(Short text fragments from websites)
━━━━━━━━━━━━━━━━━━━━━━━━━━━━━━

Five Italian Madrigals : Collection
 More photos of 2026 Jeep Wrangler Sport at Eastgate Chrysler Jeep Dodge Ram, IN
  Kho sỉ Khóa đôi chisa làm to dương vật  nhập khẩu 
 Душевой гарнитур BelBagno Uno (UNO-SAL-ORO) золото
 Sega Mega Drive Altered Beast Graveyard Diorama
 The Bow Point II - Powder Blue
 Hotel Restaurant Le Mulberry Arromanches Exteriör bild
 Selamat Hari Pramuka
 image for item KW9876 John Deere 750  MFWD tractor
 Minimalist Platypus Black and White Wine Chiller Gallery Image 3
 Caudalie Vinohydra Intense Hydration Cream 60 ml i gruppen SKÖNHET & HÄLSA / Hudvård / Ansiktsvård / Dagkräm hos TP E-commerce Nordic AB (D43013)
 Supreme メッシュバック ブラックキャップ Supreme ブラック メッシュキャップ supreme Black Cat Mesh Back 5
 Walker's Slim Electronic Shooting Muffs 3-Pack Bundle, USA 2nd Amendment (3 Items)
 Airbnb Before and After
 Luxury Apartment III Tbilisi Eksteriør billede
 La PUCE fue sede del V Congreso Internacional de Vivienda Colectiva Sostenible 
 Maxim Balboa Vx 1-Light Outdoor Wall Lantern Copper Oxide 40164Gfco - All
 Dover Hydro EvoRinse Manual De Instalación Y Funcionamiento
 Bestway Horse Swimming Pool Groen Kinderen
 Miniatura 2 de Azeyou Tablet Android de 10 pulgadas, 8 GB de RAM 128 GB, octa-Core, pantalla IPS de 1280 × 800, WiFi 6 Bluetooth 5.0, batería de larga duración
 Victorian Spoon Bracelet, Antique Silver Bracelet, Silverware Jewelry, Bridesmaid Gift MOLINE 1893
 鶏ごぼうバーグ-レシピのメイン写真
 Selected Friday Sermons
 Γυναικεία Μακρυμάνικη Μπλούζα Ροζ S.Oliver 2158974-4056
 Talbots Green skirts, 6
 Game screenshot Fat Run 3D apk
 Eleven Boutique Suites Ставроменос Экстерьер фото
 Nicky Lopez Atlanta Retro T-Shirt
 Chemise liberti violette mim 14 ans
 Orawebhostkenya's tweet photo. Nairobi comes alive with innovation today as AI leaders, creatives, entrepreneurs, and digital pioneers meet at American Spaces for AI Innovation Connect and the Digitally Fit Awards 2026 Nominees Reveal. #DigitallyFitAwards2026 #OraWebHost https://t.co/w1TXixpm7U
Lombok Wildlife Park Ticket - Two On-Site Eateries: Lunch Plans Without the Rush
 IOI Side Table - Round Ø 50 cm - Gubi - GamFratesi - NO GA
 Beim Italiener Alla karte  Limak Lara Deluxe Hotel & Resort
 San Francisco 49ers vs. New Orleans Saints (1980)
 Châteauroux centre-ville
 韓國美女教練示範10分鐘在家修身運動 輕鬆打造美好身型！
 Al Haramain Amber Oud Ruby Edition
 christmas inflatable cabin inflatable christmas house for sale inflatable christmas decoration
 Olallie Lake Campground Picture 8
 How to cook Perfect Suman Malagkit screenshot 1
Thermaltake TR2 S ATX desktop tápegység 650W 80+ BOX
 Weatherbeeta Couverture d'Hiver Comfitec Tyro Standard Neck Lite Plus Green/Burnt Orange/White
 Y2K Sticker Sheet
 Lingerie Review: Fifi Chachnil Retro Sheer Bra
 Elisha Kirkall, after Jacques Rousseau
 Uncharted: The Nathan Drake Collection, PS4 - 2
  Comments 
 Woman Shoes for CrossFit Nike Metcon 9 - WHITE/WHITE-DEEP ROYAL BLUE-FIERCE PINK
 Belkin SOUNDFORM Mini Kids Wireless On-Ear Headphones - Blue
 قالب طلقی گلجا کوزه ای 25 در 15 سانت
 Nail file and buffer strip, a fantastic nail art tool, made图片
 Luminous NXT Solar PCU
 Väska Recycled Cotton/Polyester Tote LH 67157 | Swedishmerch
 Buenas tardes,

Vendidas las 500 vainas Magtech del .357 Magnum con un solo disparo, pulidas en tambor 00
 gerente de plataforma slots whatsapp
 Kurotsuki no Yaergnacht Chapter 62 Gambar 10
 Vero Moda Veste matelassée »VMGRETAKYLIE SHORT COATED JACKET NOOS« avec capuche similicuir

━━━━━━━━━━━━━━━━━━━━━━━━━━━━━━

▶ _What you need to do_
Exact reproduction is required. Give the lines of the data from its first line through the line containing "Sega Mega Drive", and no others.

▶ _Answer below_
Five Italian Madrigals : Collection
 More photos of 2026 Jeep Wrangler Sport at Eastgate Chrysler Jeep Dodge Ram, IN
  Kho sỉ Khóa đôi chisa làm to dương vật  nhập khẩu 
 Душевой гарнитур BelBagno Uno (UNO-SAL-ORO) золото
 Sega Mega Drive Altered Beast Graveyard Diorama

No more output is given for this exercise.